• [TASK BRIEF]
Lines to restate from the data below: from the one containing "KHAITE Lambskin Shell" to the one containing "H. Converse Collection", both included. Give them again exactly, and only them.

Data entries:
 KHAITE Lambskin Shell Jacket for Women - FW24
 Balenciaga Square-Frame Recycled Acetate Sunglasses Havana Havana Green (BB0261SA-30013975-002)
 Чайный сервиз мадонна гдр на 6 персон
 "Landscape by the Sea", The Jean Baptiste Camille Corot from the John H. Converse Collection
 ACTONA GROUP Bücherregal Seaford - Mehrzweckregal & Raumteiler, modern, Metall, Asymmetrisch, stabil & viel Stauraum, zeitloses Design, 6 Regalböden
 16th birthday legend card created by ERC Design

...

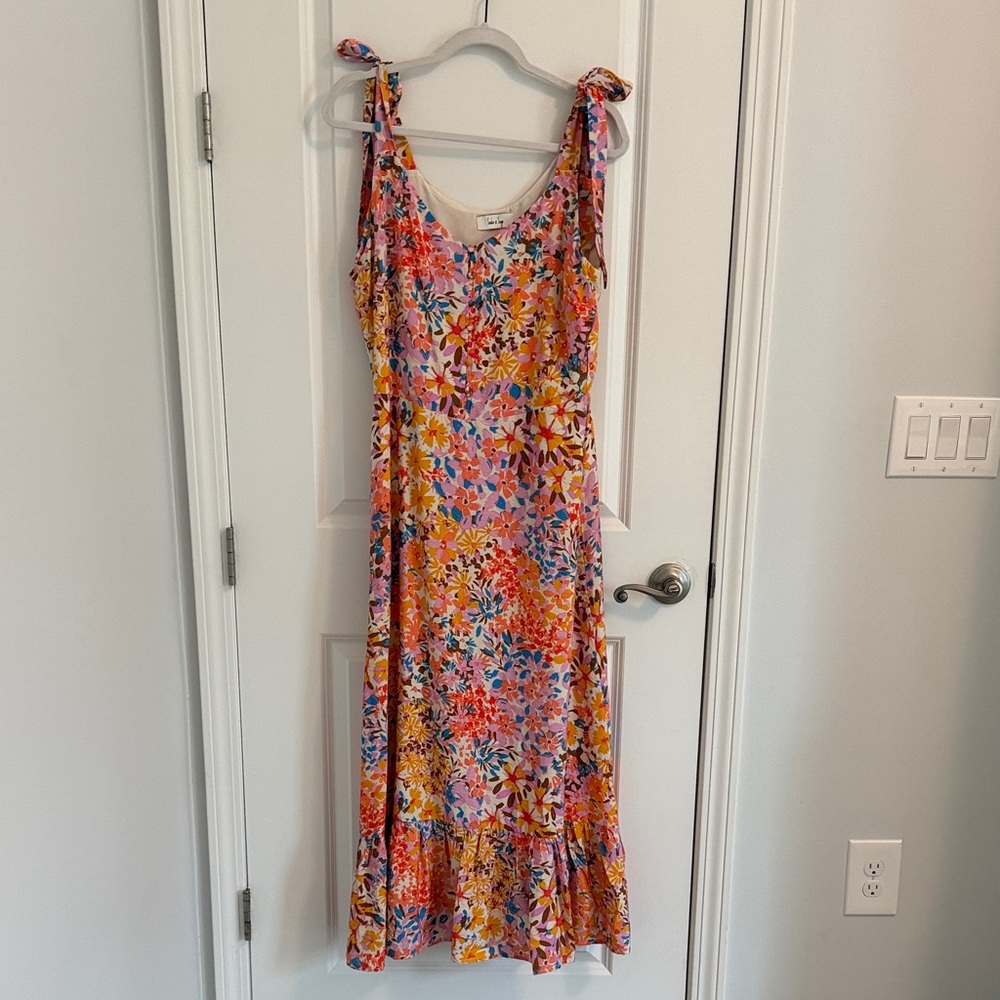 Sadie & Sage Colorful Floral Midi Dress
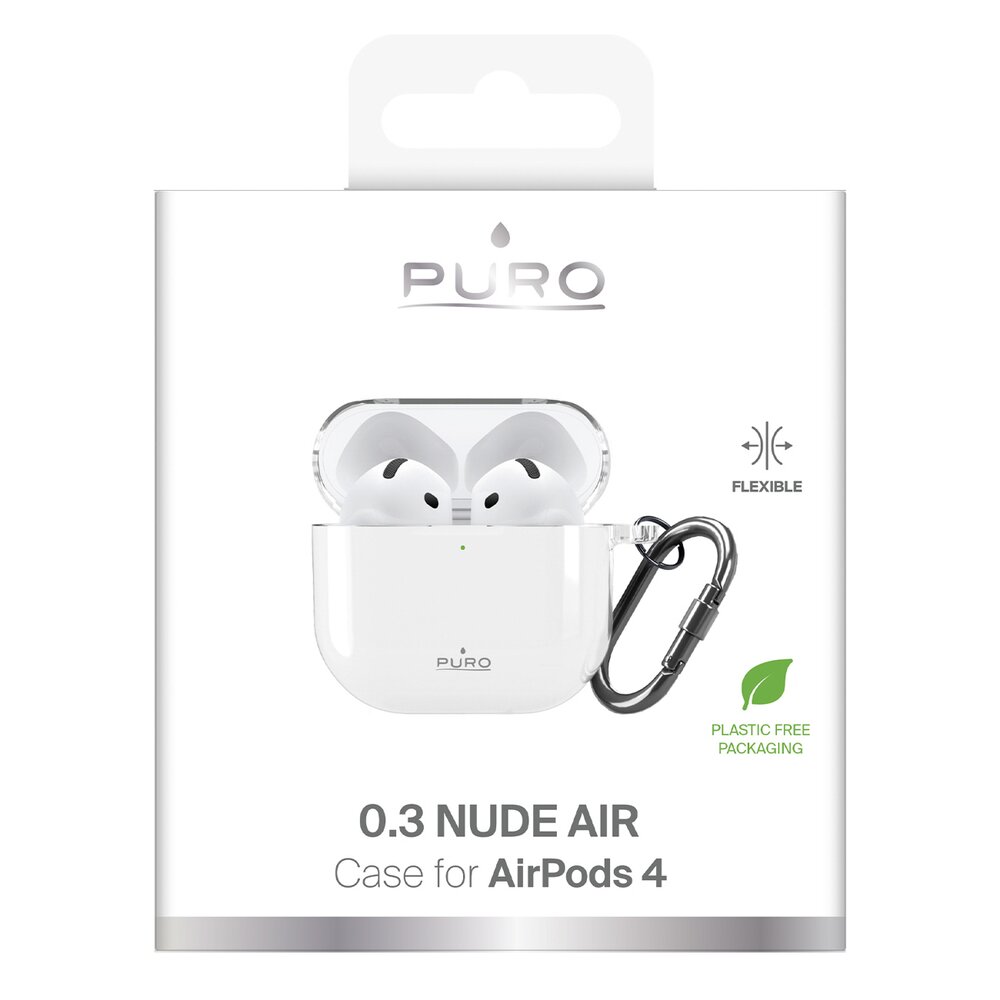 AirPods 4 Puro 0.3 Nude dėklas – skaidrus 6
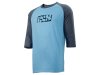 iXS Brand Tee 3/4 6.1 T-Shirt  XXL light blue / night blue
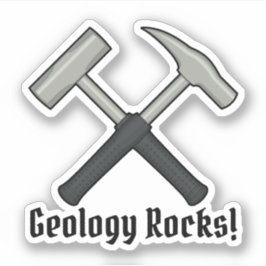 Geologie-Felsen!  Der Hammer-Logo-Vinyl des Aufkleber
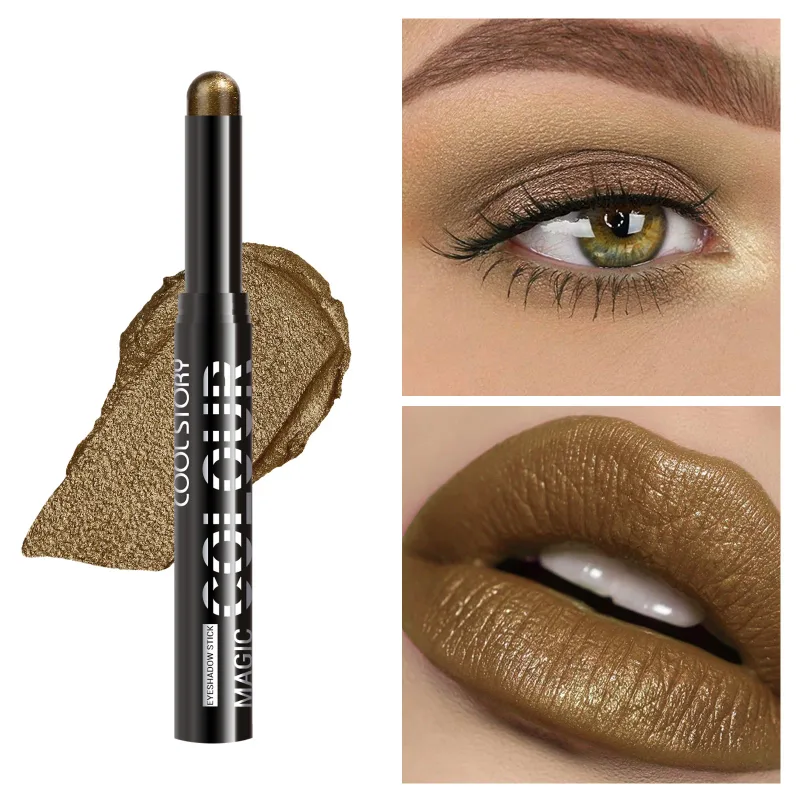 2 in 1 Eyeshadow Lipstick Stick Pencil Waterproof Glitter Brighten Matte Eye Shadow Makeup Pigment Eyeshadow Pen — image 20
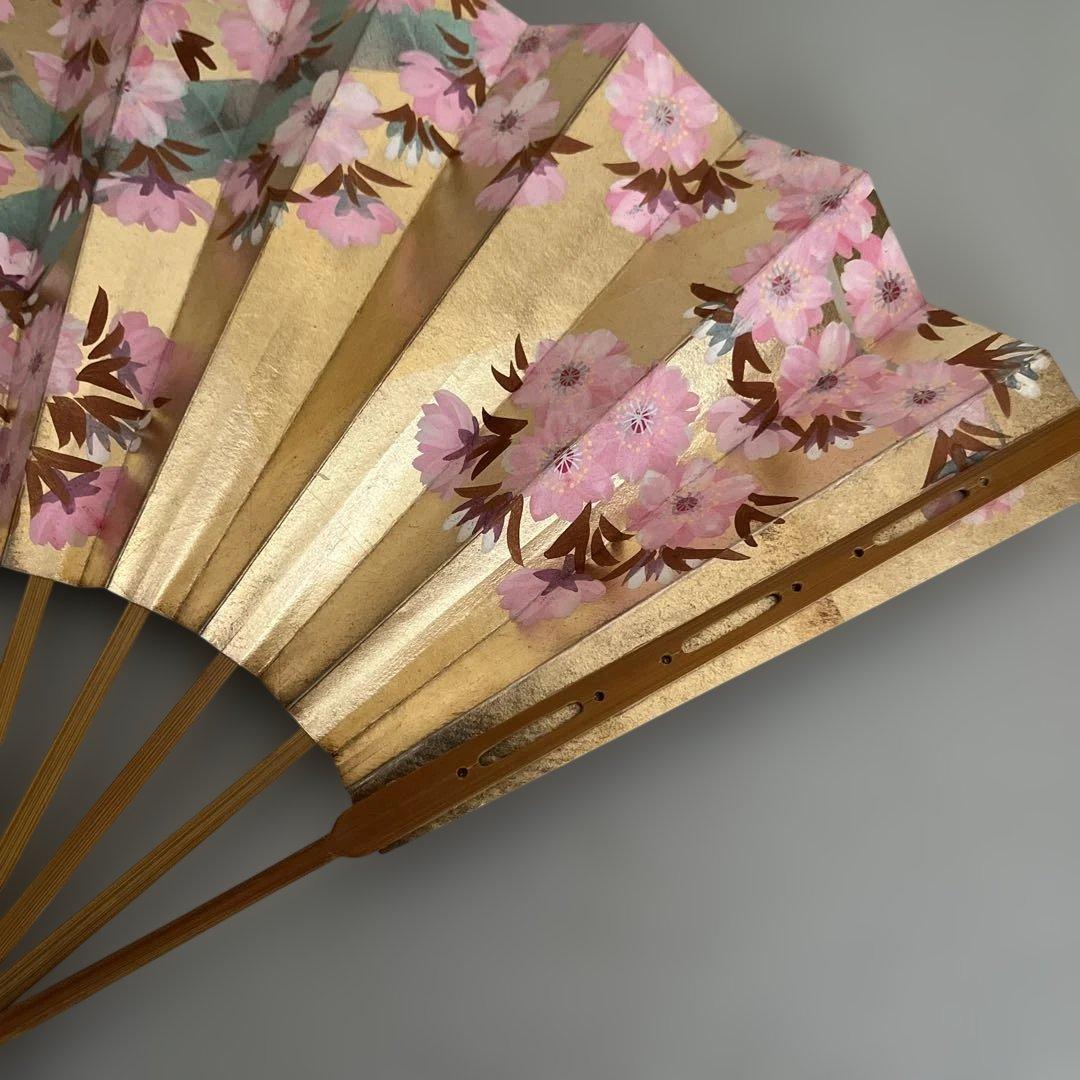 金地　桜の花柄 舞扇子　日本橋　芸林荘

• [ANSWER TO THIS TASK]
 KHAITE Lambskin Shell Jacket for Women - FW24
 Balenciaga Square-Frame Recycled Acetate Sunglasses Havana Havana Green (BB0261SA-30013975-002)
 Чайный сервиз мадонна гдр на 6 персон
 "Landscape by the Sea", The Jean Baptiste Camille Corot from the John H. Converse Collection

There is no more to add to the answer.